Probably no decision of the U.S. Supreme Court in recent years has energized people across so wide a spectrum as its decision in Kelo v. City of New London (No. 04-108), holding that local governments could condemn property solely for the purpose of upgrading its economic value. Most Americans have understood that property can be condemned (provided fair payment is given) for an important public purpose. Last year’s Kelo decision put property ownership at the mercy of private developers as well. In sum, this time, everyone’s property is at imminent risk. (Our view is that this was one of the worst Supreme Court decisions in recent years.)

Around the country and in congress, lawmakers have been at work to keep local governments which haven’t been doing this sort of thing (in a number of areas it’s been common practice for some time) from starting. The Idaho Legislature was not inactive in this area: Eminent domain was a big topic of discussion last session. Lawmakers produced and passed, without a single dissenting vote, House Bill 555, which blocked Idaho local governments from doing much of what the Supreme Court had suggested they otherwise could. It set out, effectively, “to provide limitations on eminent domain for private parties, urban renewal or economic development purposes.”

That seems not to have stopped, however, the backers of the Private Property Rights Protection Initiative, which is still (the days grow short: People now are being paid to circulate the petitions) gathering petition signatures to stave off the effects of the Supreme Court decision. Which would seem to have been effectively staved off already by the legislature. Or is that it’s real intent?

The name most associated with the initiative is Laird Maxwell, for some years an anti-tax and anti-regulatory activist at Boise, visible through Idahoans for Tax Reform, although the underwriters of him and it are less public. In 2003 Maxwell was the unseen “John Doe” who ordered and financed a mass of phone calls attacking Boise mayoral candidate Chuck Winder, a Republican, from the right, as being insufficiently “conservative.” But who Maxwell was working for and collecting money from, in that case (he has said he was a lone wolf, but that seems unlikely) as in this, remains unknown.

The first part of this year’s intiative, as billed, seeks to limit eminent domain (much as the legislature already has). But the second part, less publicized, would try to graft on to Idaho law a rough equivalent to Oregon’s recently-passed Measure 37, which tries to exempt from application any land use ordinances passed after a given piece of property was purchased.

That Oregon measure, drafted to deal with a land use regulatory situation light years away from Idaho’s, is still poorly understood, and few Oregonians yet know how it will play out. (Probably no one does.) What reason the Idaho measure’s backers have for attaching it to an eminent domain initiative is left mostly unstated, other than that it all falls under the rubric of “property rights.”

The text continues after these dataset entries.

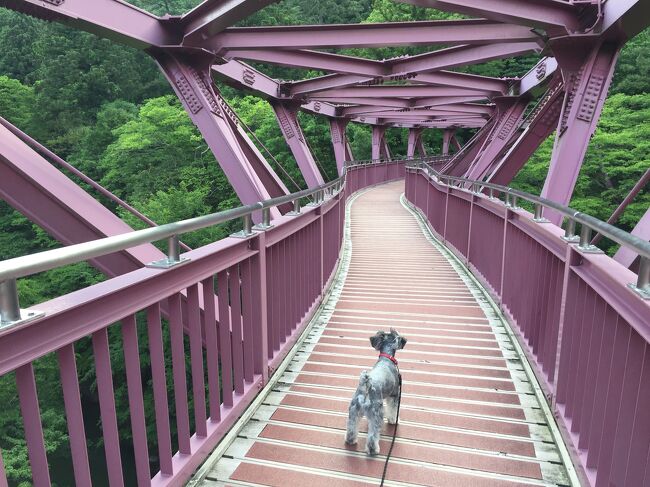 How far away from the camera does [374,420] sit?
2.98 m

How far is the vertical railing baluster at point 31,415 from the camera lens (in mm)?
1641

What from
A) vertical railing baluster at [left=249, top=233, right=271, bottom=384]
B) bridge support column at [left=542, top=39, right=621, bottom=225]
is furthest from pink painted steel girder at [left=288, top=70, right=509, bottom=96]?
vertical railing baluster at [left=249, top=233, right=271, bottom=384]

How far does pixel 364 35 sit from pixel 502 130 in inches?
346

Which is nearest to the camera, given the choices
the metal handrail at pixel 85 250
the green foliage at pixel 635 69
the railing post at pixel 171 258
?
the metal handrail at pixel 85 250

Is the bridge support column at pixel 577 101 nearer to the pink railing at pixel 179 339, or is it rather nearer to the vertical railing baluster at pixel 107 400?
the pink railing at pixel 179 339

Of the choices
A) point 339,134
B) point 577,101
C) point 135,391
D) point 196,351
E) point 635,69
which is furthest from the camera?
point 339,134

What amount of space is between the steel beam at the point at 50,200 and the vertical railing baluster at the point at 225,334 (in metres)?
1.45

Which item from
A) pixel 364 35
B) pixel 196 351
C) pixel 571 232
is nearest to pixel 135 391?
pixel 196 351

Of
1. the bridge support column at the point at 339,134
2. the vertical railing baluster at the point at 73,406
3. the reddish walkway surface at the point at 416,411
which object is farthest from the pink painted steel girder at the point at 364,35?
the bridge support column at the point at 339,134

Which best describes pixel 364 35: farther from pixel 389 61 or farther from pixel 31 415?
pixel 31 415

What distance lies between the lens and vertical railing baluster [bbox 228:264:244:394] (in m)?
3.31

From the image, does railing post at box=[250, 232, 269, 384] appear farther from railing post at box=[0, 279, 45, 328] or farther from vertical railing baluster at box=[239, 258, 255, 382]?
railing post at box=[0, 279, 45, 328]

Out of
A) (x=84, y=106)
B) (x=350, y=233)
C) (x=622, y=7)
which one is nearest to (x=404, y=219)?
(x=350, y=233)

But therein lies the other problem. A court is hardly likely to conclude that this initiative is just one legal subject, however they might be united in rhetoric: Eminent domain and land use planning are different legal topics. If this initiative gets on the ballot (uncertain), and if it passes (likely if it reaches the ballot), it will almost certainly be thrown out by the courts, because it clearly violates the multiple-topic restriction.

Thereby encouraging, right on schedule, the latest whine about activist courts. Activist initiative backers tend to draw fewer howls.